Aim of the task
The required output is every line from the one containing "May include: Two" through the last line of the listing below, copied exactly, pictures excluded.

Dataset section
Content starts

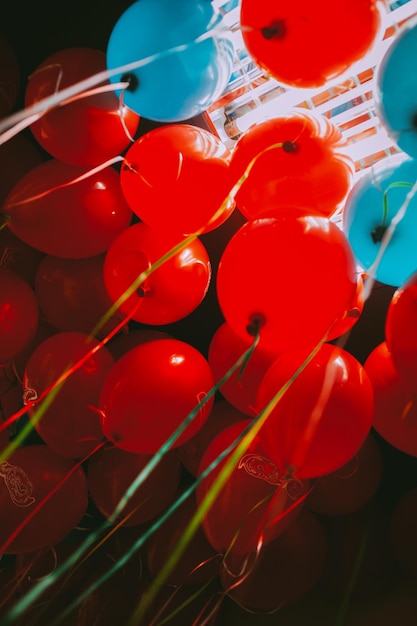 red and blue balloons under the ceiling many red and blue balloons vintage photo processing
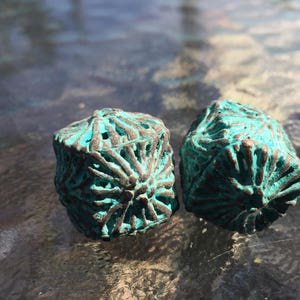 May include: Two teal blue decorative dice with intricate patterns. The dice are made of a textured material and have a slightly aged look.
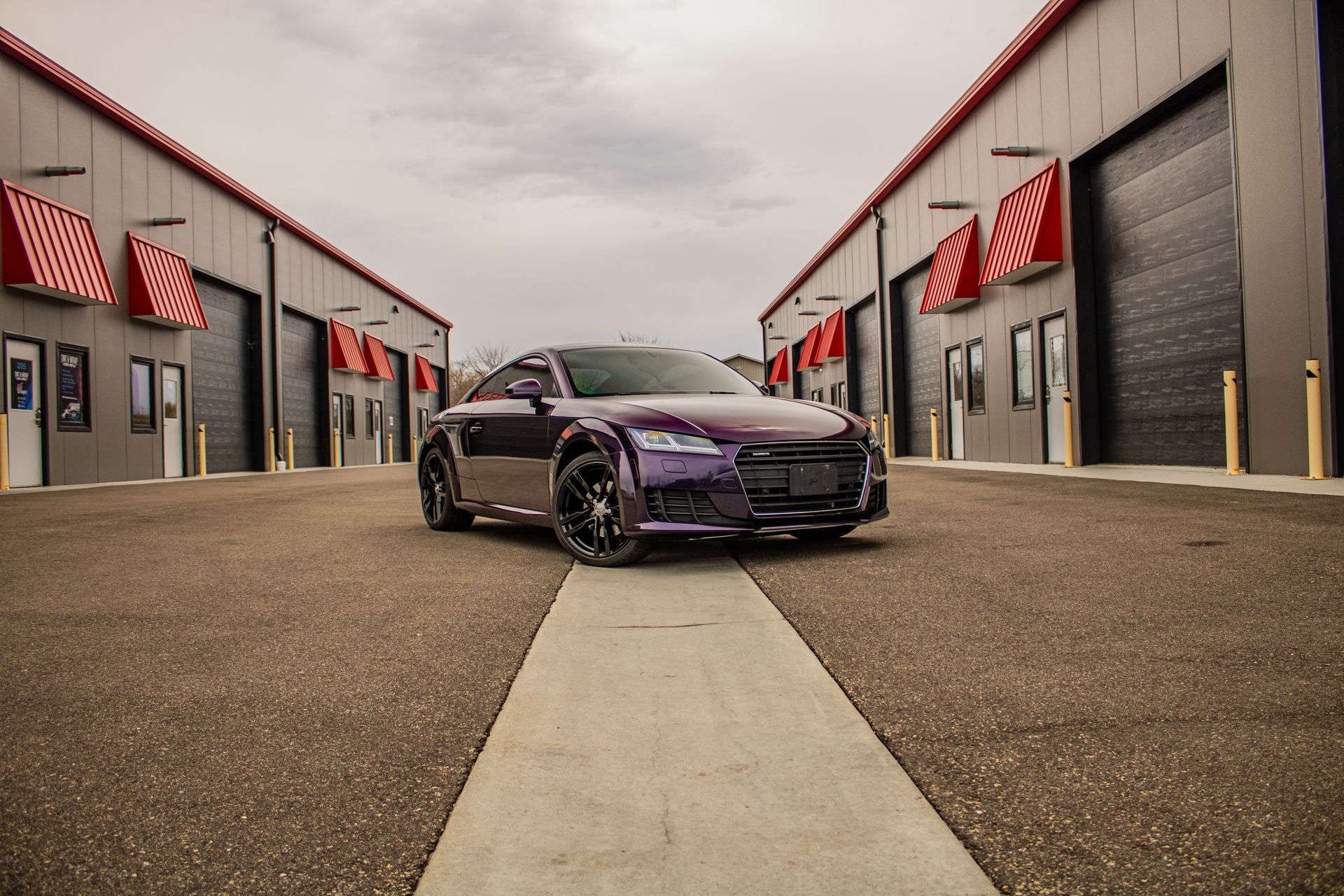 A purple car is parked in a parking lot between two buildings.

Content ends

Reply
 May include: Two teal blue decorative dice with intricate patterns. The dice are made of a textured material and have a slightly aged look.
 A purple car is parked in a parking lot between two buildings.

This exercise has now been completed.